What to work on ▸
Copy out the listing in full, exactly as written, but not its pictures.

Data below ▸
******************************
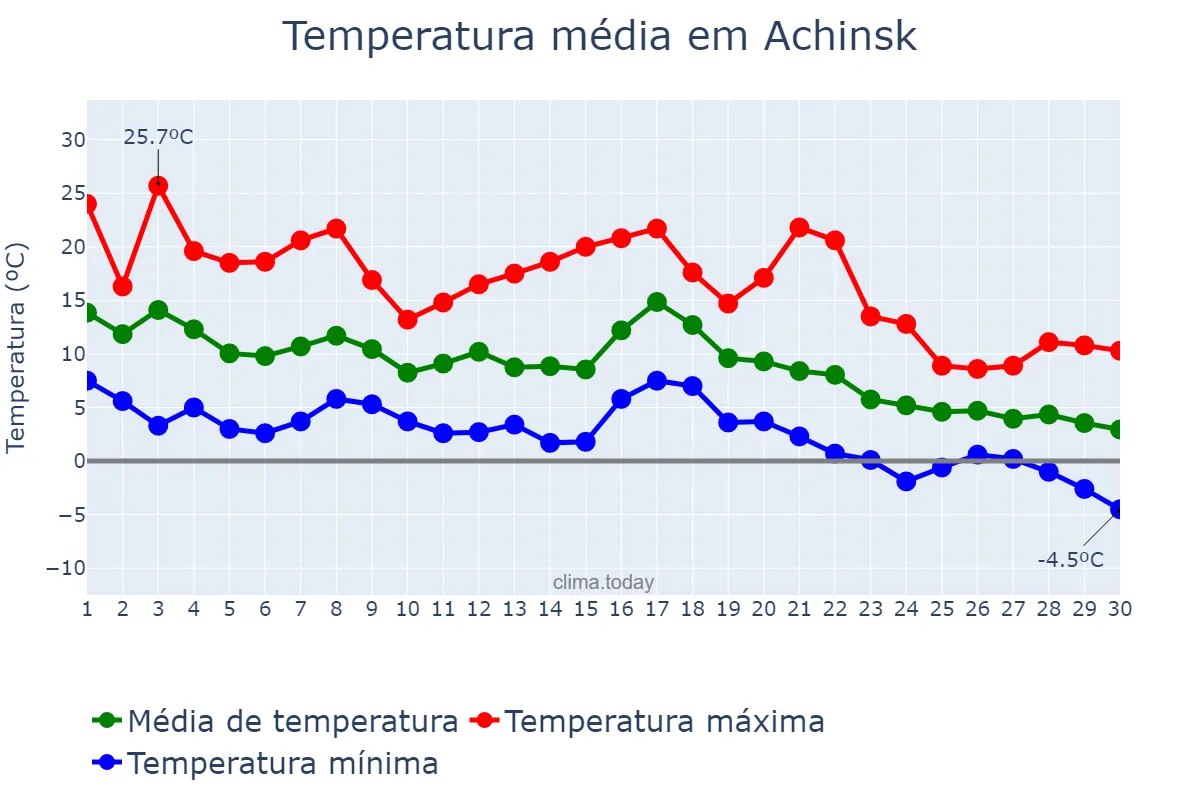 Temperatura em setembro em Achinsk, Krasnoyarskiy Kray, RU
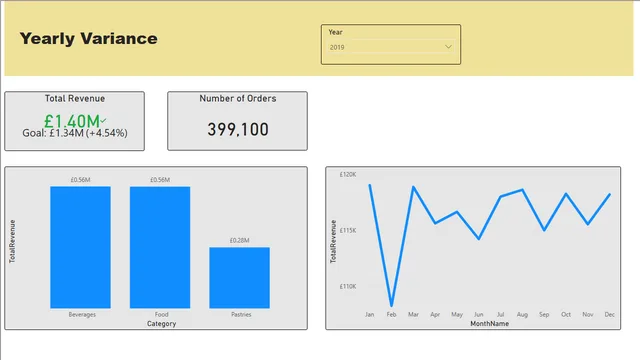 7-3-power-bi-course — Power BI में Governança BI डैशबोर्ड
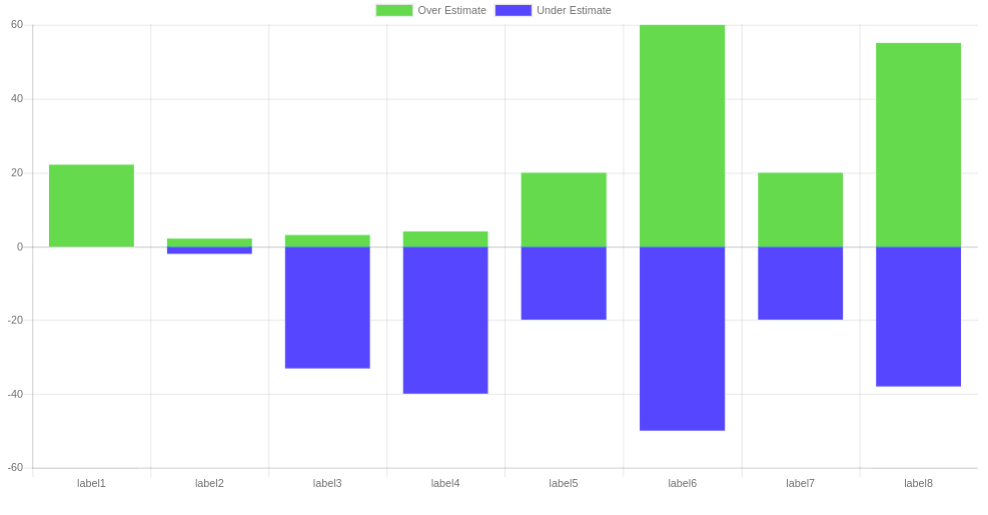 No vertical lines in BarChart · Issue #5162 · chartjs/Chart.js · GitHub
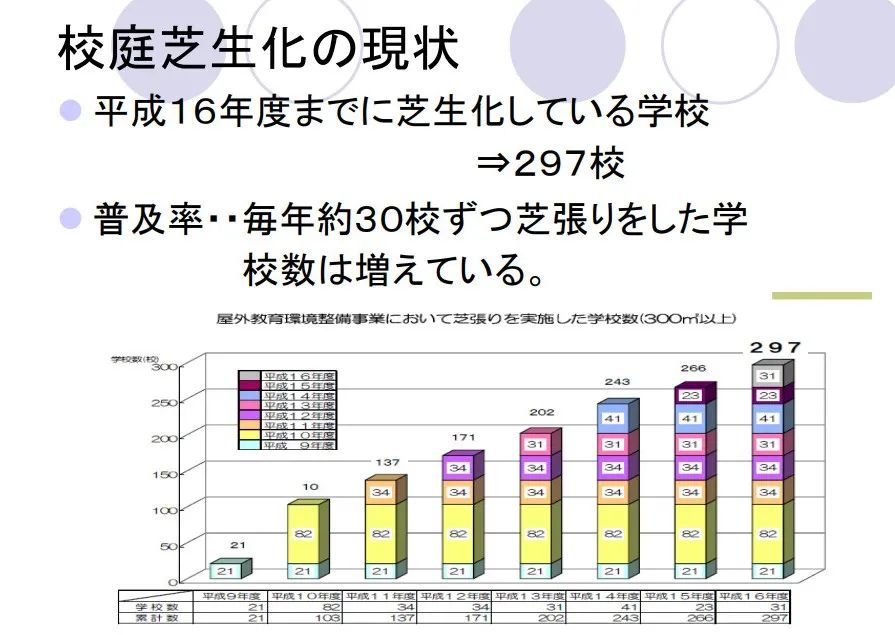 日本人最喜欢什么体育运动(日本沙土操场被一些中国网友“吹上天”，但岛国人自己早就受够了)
******************************
Expected answer ▸
 Temperatura em setembro em Achinsk, Krasnoyarskiy Kray, RU
 7-3-power-bi-course — Power BI में Governança BI डैशबोर्ड
 No vertical lines in BarChart · Issue #5162 · chartjs/Chart.js · GitHub
 日本人最喜欢什么体育运动(日本沙土操场被一些中国网友“吹上天”，但岛国人自己早就受够了)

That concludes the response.